▸ **Data**:
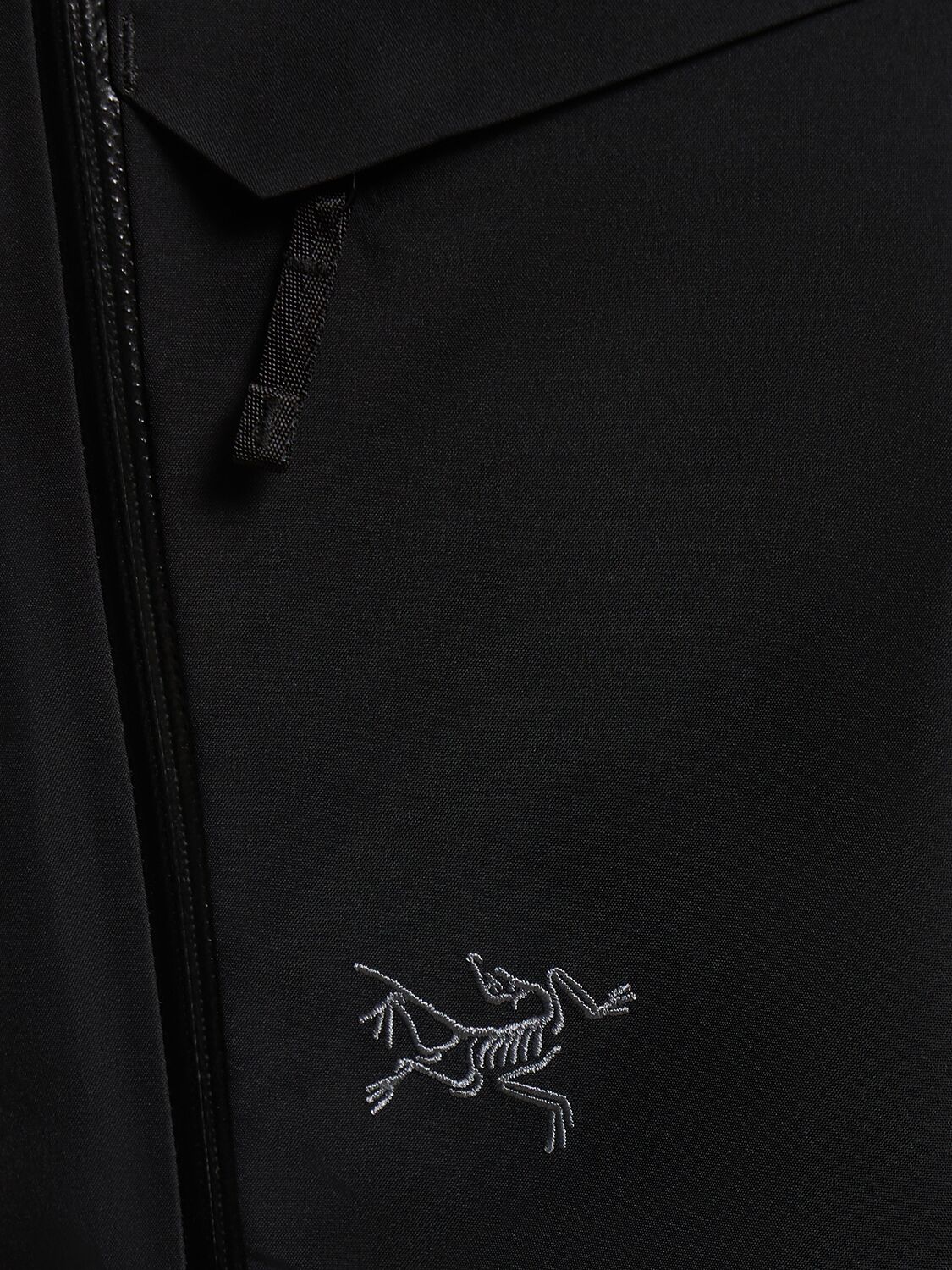 Shop Arc'teryx Rush Bib Overalls In Black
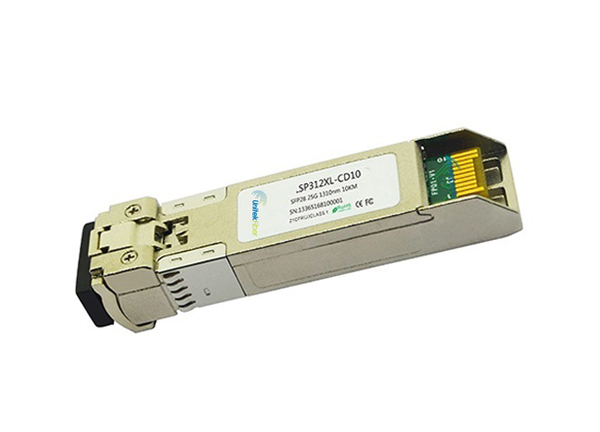 光纤网络设备25G SFP28光收发器模块兼容1330纳米
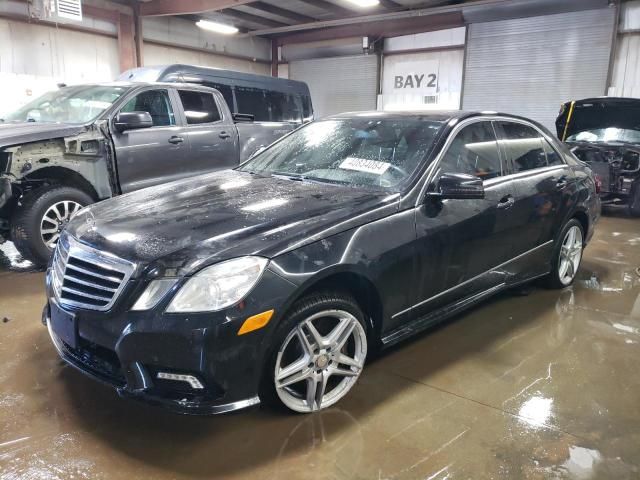 2011 Mercedes-Benz E 550 4matic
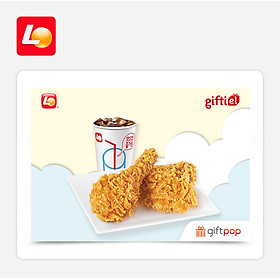 Giftpop - Lotteria Evoucher Chicken Set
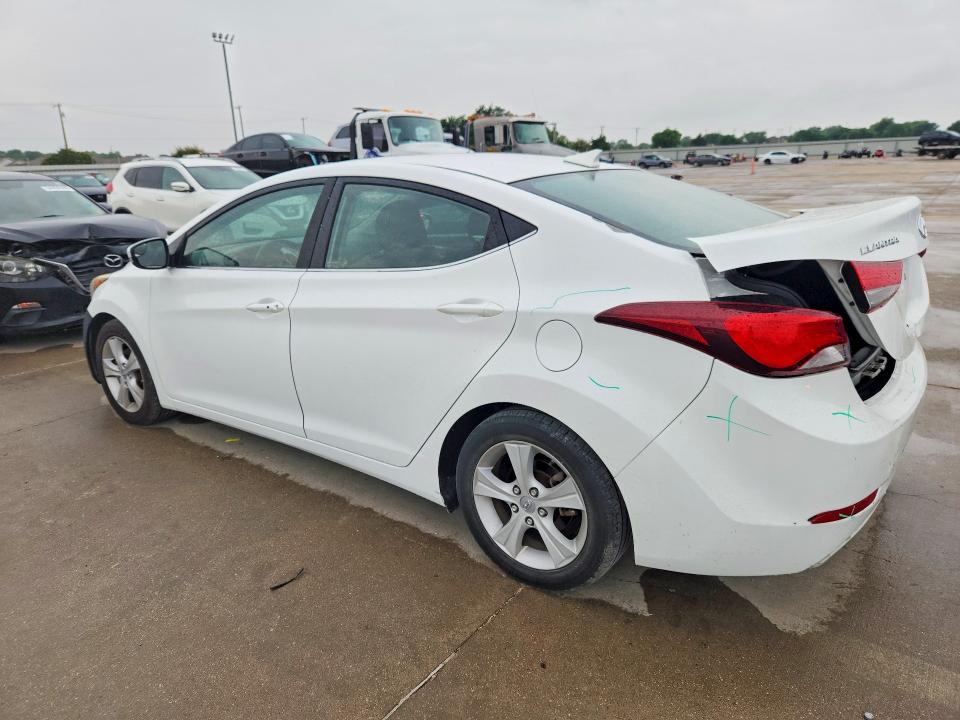 Aukcja sprzedaży 2016 Hyundai Elantra, vin: 5NPDH4AE3GH737721, numer aukcji: 54062676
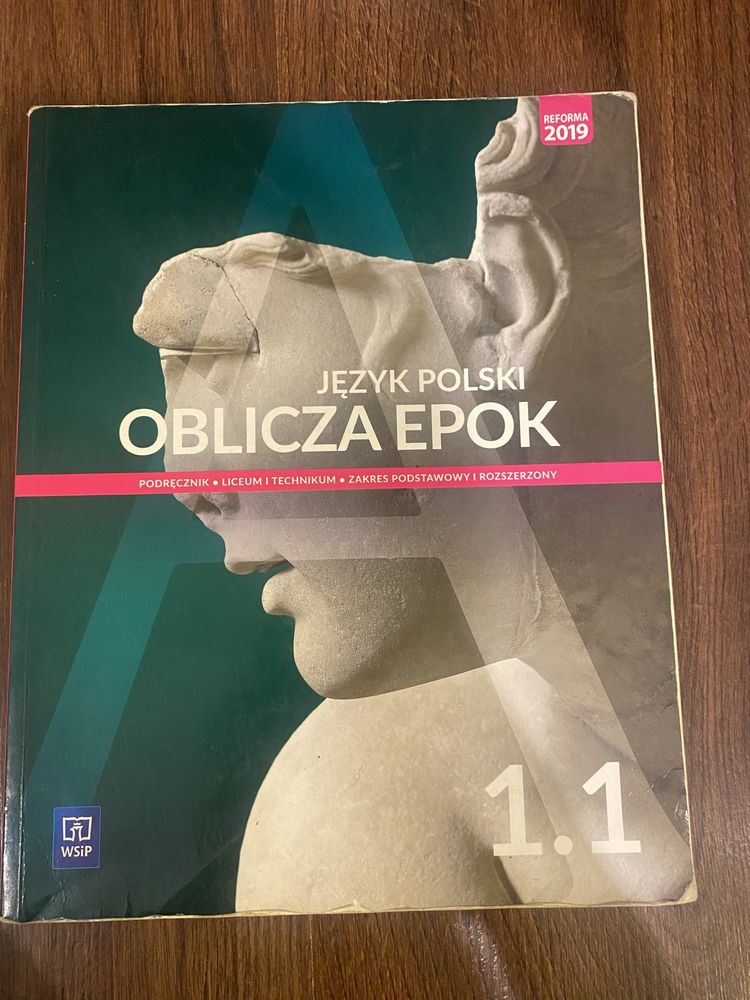 Oblicza epok 1.1 polski podrecznik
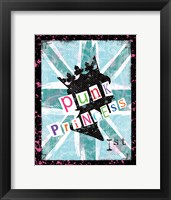 Framed Punk Princess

▸ **Activity**:
Each line of the listing above must be given again exactly; the pictures are to be left out.

▸ **Response to the exercise**:
 Shop Arc'teryx Rush Bib Overalls In Black
 光纤网络设备25G SFP28光收发器模块兼容1330纳米
 2011 Mercedes-Benz E 550 4matic
 Giftpop - Lotteria Evoucher Chicken Set
 Aukcja sprzedaży 2016 Hyundai Elantra, vin: 5NPDH4AE3GH737721, numer aukcji: 54062676
 Oblicza epok 1.1 polski podrecznik
 Framed Punk Princess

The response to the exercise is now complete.